Raul Magaña, Jr., says he prayed as he watched his son taking his last breaths
Ladyville businessman Raul Magaña, Jr., 35, suffered a devastating loss when his Toyota Land Cruiser had a tire blowout at Mile 27 in Biscayne on the Philip Goldson Highway, causing the vehicle to violently roll over a number of times, killing his common-law wife and 3-year-old son who were travelling with him.
The accident occurred around 3:30 p.m. on Monday when Magaña was returning from the Orange Walk District and heading to his home on Flamboyant Street in Ladyville.
Ladyville police reported that when they visited the accident scene, they saw a grey Toyota Land Cruiser with license plate BC C- 34719 on the side of the road with extensive damages.

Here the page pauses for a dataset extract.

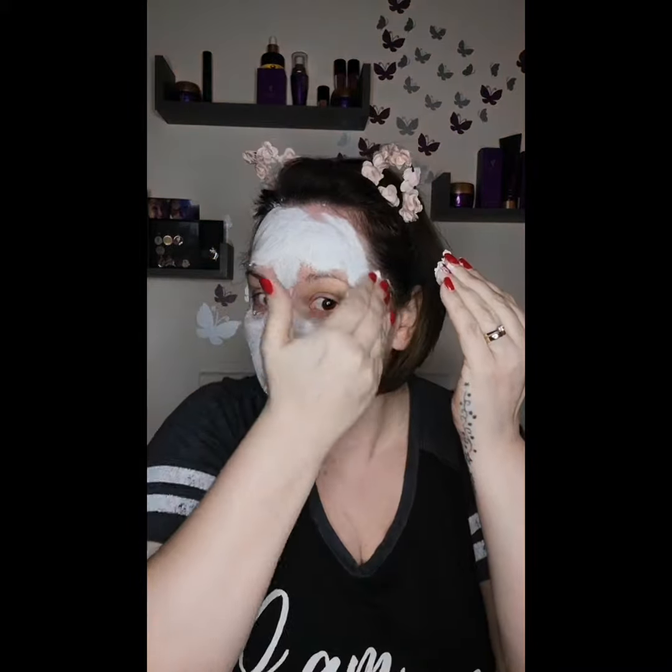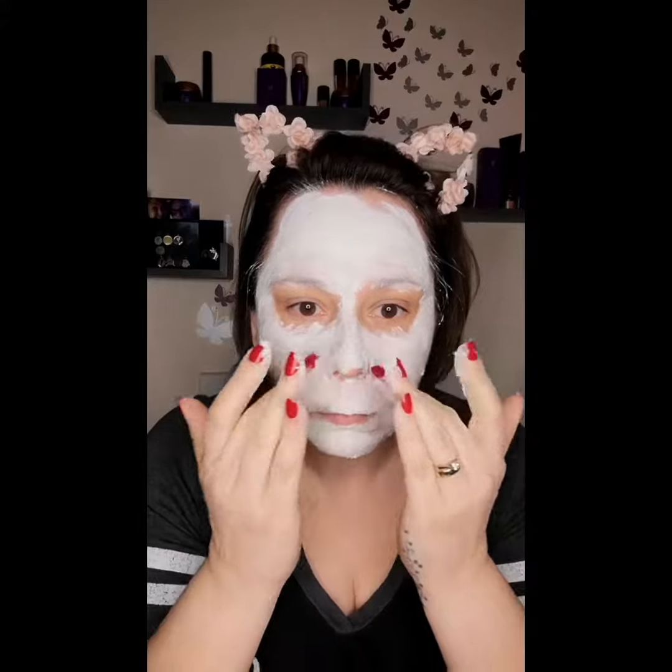So why do we exfoliate? When old skin cells start to pile up on the surface of the skin, it can leave skin looking really dull, rough, and dry. The build-up of dead skin cells can result in excess oil and clogged pores, and that's going to lead to blemishes and acne. In short, a regular exfoliating routine will leave your skin looking fresh, bright, and healthy.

Magaña, the police report said, was transported by a B.E.R.T. ambulance to the Karl Heusner Memorial Hospital, where he was treated and released. He had suffered a cut wound to his head and right arm, said police.
But his common-law wife of almost ten years, Lissa Ying Li, 28, and their son Raul Li Magaña, were not so fortunate. Lissa Ying Li and their son, who was seated in the front passenger seat, were flung from the vehicle and the mother died on the spot.
The police report, however, did not mention that apart from Magaña and his family, there were two other passengers travelling in the vehicle. Apparently, the two men who were seated in the back seat did not suffer any serious injuries.
In an interview with Kremandala reporters, Magaña explained how he searched for his wife and son after the accident, and when he found her, she was already dead. He said he watched his son gasping for breath, before he died, a few minutes after the impact.
Magaña said they were returning from a trip to Orange Walk, where they had gone to drop off a van that he was trying to get rid of at a junk yard.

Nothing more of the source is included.